Anthropomorphisme et Zoomorphisme

vendredi, juillet 24th, 2015

imageAnthropomorphisme : attribuer à des animaux ( des objets) des caractéristiques propres à l’homme, Zoomorphisme : utiliser les formes animales dans différents types de représentation. Pas si simple,  les échanges entre l’animal et l’homme sont en train de prendre un cours particulier. Si l’homme ne change pas fondamentalement quand on lui a  greffé des valves cardiaques d’origine porcine, ou posé du corail pour restructurer un os, que devient une souris à qui l’on a greffé des cellules gliales foetales d’origine humaine ? (When Does a Smarht Mouse Become Human? http://www.the-scientist.com/?articles.view/articleNo/43327/title/When-Does-a-Smart-Mouse-Become-Human-/). On peut arguer du fait que la valve appartient toujours à l’extériorité de l’individu, qu’il s’agit bel et bien toujours d’un non soi. Pour le corail, l’accaparation par les cellules osseuses d’un matériel osteoconducteur rend la distinction plus difficile. Elle le sera plus encore quand des cellules souches auront été cultivées sur un squelette de corail. C’est un pas de plus qui est franchi quand on entre dans le domaine des manipulations génétiques puisqu’elles autorisent la mise en place d’un nouveau soi. La question est donc de savoir quelles sont les caractéristiques qui permettent de définir l’humanité par rapport à l’animalité. Les avis sont nombreux et plus anciens les uns que les autres, voire également plus humoristiques les uns que les autres, mais il n’existe encore aujourd’hui aucune réponse satisfaisante.
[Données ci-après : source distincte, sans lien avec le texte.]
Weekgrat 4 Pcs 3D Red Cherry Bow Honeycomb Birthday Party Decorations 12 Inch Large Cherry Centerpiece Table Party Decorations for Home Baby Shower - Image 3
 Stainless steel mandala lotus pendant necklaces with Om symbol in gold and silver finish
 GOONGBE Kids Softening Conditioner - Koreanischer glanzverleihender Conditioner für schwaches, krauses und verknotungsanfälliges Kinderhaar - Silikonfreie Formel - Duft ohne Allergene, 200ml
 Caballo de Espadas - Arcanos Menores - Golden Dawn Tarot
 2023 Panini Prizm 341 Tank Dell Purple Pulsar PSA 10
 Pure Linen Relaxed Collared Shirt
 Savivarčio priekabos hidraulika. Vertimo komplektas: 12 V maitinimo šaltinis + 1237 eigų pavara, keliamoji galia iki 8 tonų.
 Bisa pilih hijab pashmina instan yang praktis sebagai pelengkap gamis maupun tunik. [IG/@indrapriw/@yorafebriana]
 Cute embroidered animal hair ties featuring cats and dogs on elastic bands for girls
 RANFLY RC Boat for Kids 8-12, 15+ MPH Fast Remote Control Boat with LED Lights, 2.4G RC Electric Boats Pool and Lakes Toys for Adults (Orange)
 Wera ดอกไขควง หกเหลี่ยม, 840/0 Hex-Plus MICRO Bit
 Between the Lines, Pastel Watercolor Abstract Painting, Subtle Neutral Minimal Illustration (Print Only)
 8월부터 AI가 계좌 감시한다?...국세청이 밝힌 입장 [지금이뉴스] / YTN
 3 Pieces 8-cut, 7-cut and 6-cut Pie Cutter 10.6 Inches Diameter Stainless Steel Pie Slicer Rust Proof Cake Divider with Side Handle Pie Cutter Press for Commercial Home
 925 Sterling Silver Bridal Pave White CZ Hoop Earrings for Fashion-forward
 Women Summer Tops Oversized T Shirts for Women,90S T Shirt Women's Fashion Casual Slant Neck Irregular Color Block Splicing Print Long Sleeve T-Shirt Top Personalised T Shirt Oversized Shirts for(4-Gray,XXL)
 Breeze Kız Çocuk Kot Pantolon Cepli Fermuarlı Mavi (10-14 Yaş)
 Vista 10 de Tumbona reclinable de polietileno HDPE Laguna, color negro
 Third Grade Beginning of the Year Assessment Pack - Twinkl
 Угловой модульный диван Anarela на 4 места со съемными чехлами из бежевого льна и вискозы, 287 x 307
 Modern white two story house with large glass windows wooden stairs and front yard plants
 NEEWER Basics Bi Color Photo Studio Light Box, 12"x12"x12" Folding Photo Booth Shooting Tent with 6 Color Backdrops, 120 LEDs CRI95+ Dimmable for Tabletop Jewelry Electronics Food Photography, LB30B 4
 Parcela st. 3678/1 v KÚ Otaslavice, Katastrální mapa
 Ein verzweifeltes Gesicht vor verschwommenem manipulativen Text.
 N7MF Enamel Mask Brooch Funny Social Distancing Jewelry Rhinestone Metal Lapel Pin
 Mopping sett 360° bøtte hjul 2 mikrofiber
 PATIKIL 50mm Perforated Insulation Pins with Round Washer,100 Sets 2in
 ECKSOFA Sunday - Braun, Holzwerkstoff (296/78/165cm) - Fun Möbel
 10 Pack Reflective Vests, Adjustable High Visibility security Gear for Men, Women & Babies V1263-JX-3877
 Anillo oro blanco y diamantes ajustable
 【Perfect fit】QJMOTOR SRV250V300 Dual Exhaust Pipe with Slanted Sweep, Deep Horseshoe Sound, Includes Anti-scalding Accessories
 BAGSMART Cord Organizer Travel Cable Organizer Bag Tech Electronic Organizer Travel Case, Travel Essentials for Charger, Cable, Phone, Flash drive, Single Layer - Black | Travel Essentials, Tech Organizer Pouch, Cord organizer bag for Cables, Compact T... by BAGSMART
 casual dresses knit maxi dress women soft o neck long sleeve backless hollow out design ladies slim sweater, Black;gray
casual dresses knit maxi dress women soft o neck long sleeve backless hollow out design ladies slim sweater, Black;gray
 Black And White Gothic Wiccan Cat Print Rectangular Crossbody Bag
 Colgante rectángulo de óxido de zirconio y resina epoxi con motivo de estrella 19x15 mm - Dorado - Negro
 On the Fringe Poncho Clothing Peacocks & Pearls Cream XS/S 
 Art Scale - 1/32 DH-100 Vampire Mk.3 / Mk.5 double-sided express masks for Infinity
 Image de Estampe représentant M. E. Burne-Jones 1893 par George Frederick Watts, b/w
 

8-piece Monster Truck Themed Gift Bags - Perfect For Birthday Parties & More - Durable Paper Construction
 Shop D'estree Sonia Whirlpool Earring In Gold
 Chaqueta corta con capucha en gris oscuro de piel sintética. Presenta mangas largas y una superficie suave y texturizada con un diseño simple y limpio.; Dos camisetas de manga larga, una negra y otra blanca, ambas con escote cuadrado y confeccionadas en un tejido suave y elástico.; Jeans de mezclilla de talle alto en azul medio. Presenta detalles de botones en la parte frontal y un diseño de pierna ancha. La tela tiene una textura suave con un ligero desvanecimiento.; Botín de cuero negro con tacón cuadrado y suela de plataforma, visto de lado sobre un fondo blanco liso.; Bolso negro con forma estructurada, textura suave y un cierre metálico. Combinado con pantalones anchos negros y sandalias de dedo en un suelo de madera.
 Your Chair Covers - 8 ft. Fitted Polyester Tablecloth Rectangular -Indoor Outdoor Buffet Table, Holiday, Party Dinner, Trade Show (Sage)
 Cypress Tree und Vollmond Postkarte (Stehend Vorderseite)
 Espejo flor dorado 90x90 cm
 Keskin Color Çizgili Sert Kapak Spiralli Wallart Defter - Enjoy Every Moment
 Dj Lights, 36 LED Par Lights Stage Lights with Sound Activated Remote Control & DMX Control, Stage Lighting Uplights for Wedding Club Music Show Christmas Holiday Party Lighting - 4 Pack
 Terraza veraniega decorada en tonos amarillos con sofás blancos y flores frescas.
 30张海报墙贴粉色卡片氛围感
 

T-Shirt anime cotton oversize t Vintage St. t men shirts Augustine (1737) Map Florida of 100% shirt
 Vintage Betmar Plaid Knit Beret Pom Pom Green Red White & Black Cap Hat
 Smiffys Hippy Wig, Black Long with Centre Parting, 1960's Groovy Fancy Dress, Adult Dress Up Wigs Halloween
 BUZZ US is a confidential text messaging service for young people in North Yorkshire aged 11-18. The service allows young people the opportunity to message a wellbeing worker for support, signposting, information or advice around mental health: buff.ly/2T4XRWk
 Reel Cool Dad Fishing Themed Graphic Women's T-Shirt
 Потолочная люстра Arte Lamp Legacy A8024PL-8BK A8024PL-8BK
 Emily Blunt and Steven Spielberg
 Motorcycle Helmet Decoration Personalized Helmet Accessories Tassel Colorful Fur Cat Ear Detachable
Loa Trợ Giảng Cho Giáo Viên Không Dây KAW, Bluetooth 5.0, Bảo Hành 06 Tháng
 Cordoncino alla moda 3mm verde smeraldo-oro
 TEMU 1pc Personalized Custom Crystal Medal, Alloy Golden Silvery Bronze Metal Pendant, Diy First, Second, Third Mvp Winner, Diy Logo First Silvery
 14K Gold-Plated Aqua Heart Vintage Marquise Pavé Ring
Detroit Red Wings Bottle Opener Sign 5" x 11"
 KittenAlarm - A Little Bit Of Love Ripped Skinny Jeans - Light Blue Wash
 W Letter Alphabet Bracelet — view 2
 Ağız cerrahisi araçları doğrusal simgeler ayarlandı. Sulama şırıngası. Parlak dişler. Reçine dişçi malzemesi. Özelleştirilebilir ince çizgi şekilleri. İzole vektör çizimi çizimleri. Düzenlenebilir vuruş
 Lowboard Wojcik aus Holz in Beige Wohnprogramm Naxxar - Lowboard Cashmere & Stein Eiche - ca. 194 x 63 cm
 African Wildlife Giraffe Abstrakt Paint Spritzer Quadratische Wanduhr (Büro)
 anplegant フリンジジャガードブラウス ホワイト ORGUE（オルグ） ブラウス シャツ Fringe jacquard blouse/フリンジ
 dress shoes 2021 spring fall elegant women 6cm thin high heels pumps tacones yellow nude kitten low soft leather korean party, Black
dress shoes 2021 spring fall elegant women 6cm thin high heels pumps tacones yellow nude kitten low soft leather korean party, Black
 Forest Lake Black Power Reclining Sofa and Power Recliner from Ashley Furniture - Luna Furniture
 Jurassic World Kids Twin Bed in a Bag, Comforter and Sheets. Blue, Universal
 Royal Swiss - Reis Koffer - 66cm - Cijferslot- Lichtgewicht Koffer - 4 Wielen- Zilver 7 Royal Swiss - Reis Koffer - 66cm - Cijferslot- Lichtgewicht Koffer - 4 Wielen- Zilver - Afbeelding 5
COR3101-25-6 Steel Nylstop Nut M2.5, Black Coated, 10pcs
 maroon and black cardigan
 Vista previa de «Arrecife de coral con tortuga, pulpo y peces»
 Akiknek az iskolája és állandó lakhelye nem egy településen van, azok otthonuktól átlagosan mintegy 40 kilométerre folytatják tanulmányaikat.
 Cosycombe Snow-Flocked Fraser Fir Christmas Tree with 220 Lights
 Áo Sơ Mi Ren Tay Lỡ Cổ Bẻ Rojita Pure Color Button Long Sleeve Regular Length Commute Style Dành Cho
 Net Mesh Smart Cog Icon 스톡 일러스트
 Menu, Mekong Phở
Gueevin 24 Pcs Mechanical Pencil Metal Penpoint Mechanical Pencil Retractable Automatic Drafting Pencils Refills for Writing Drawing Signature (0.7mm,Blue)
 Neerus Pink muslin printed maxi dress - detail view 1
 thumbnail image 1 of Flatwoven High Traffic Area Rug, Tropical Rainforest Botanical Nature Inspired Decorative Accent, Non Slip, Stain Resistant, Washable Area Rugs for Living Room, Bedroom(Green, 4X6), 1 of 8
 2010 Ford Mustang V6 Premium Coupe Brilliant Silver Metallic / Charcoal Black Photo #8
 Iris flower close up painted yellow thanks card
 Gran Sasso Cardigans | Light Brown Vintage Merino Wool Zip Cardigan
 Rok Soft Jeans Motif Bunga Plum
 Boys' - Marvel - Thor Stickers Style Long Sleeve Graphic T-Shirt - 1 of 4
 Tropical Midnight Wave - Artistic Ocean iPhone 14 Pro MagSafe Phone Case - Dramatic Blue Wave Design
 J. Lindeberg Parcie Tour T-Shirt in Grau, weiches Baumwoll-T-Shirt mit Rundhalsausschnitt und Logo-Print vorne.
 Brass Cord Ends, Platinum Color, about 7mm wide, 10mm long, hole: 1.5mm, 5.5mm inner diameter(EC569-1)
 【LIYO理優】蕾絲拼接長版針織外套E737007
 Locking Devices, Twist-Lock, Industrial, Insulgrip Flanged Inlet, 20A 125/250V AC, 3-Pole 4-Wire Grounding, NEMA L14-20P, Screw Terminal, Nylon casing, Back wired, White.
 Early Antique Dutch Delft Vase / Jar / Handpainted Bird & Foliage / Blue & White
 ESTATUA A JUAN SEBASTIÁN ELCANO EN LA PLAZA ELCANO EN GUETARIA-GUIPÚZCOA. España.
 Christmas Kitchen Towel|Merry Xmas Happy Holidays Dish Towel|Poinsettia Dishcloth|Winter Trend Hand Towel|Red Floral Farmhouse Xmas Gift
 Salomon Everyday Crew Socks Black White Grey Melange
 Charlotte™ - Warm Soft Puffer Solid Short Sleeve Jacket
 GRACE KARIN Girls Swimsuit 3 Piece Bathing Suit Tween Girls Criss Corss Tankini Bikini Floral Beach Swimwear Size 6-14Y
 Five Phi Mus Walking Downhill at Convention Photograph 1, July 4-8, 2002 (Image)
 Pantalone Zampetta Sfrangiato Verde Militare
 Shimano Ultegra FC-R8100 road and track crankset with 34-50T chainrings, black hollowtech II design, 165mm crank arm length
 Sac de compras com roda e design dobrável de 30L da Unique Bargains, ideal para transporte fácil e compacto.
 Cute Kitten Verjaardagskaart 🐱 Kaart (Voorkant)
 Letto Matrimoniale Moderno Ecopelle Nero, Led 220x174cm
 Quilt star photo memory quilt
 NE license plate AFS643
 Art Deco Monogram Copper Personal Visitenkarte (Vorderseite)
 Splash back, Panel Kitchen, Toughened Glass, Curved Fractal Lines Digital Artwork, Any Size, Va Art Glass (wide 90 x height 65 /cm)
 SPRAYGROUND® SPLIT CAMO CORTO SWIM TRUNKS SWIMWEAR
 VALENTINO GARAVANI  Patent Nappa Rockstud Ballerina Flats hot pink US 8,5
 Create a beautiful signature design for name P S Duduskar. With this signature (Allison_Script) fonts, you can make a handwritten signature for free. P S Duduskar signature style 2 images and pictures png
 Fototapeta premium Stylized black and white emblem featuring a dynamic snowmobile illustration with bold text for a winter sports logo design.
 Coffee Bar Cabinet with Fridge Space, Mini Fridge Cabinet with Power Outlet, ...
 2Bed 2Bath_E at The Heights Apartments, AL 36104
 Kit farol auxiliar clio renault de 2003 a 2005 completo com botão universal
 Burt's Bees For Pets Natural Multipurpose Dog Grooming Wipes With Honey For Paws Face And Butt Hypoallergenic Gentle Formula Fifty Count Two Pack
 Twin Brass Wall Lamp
L’homme serait le seul à avoir conscience de sa finitude et il est vrai que la conduite de l’animal n’invite pas à penser qu’il possède cette conscience, mais l’argument reste fragile ! L’homme réparé et l’animal préparé participent à un drôle de mélange des genres !! L’un fait un pas vers l’autre et inversement, de telle sorte que dans peu de temps (certainement !) il faudra bien qu’ils se comprennent de nouveau comme dans les temps mythiques !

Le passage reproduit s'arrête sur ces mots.